* [DATA SUPPLIED]
# # # #

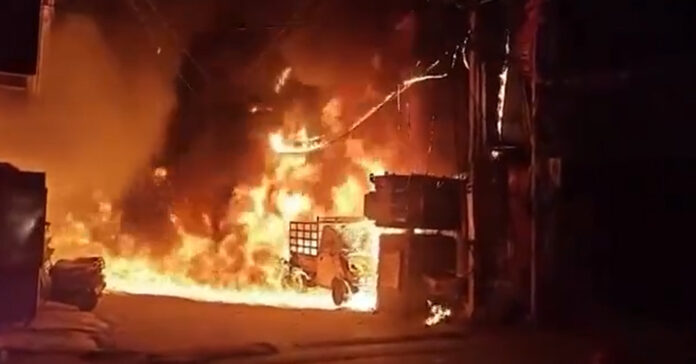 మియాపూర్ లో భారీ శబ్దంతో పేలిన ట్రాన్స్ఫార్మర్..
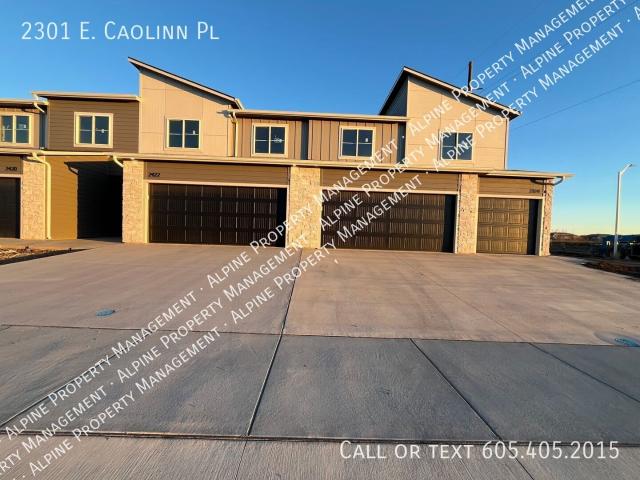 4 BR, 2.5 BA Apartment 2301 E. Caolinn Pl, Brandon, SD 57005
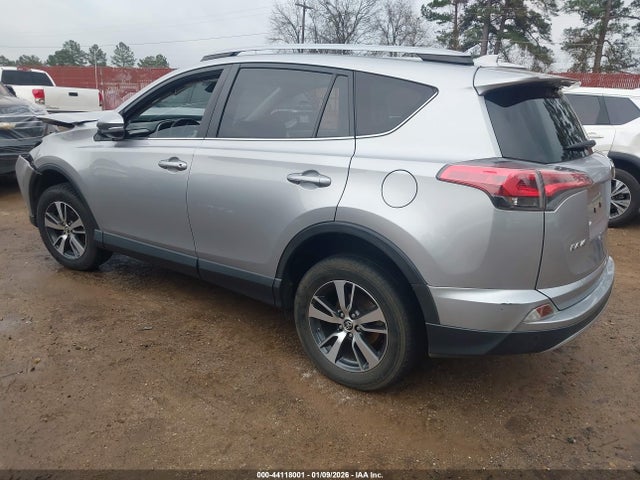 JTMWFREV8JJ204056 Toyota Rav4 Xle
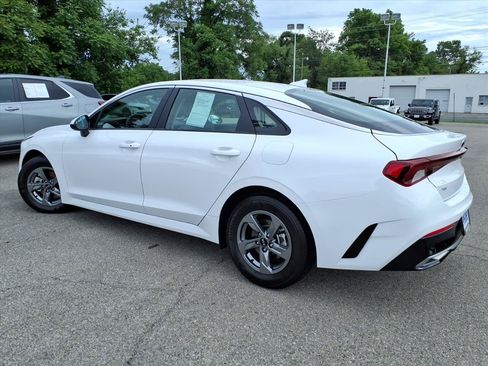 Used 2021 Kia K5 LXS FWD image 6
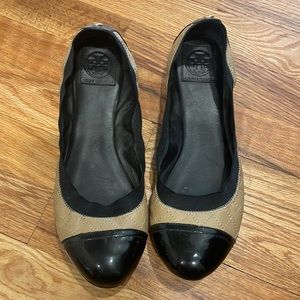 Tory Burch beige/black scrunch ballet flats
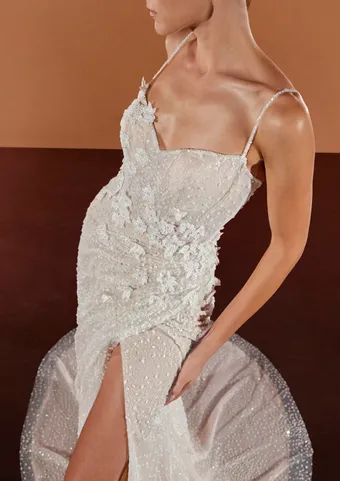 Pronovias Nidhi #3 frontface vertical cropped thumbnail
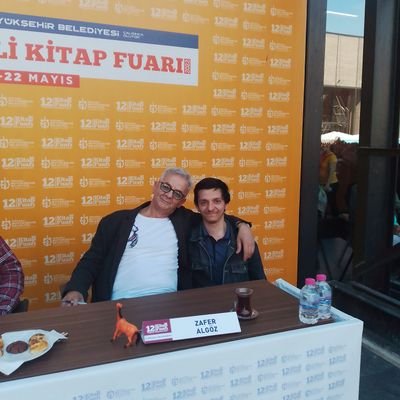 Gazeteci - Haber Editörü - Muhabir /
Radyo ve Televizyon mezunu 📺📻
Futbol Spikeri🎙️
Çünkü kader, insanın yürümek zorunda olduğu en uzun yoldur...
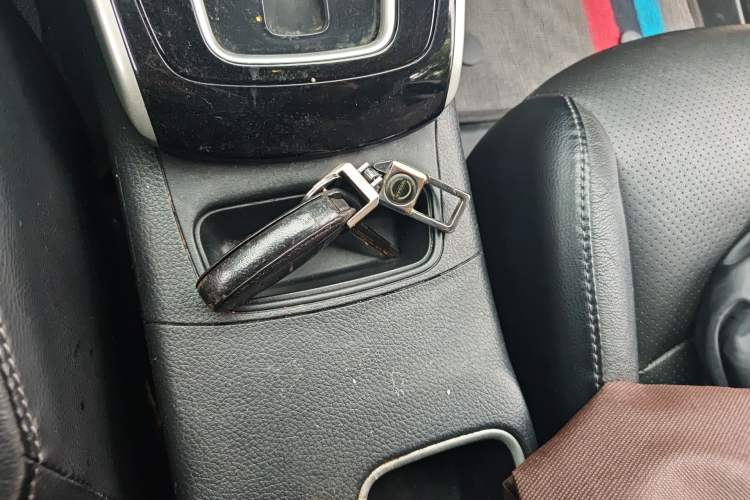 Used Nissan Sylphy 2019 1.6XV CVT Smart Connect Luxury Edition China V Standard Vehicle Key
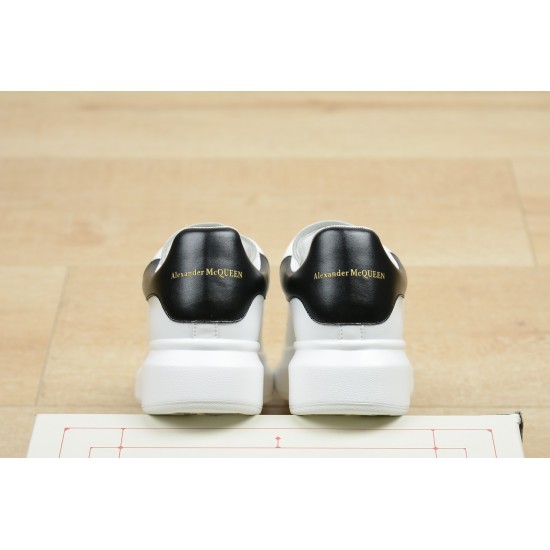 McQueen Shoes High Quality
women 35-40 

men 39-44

# # # #

* [TASK REQUIREMENTS] Transcribe, exactly and without pictures, everything in the data from the line with "JTMWFREV8JJ204056 Toyota Rav4 Xle" down to the line with "Çünkü kader, insanın", both included.

* [ANSWER TO THE PROBLEM]
 JTMWFREV8JJ204056 Toyota Rav4 Xle
 Used 2021 Kia K5 LXS FWD image 6
 Tory Burch beige/black scrunch ballet flats
 Pronovias Nidhi #3 frontface vertical cropped thumbnail
 Gazeteci - Haber Editörü - Muhabir /
Radyo ve Televizyon mezunu 📺📻
Futbol Spikeri🎙️
Çünkü kader, insanın yürümek zorunda olduğu en uzun yoldur...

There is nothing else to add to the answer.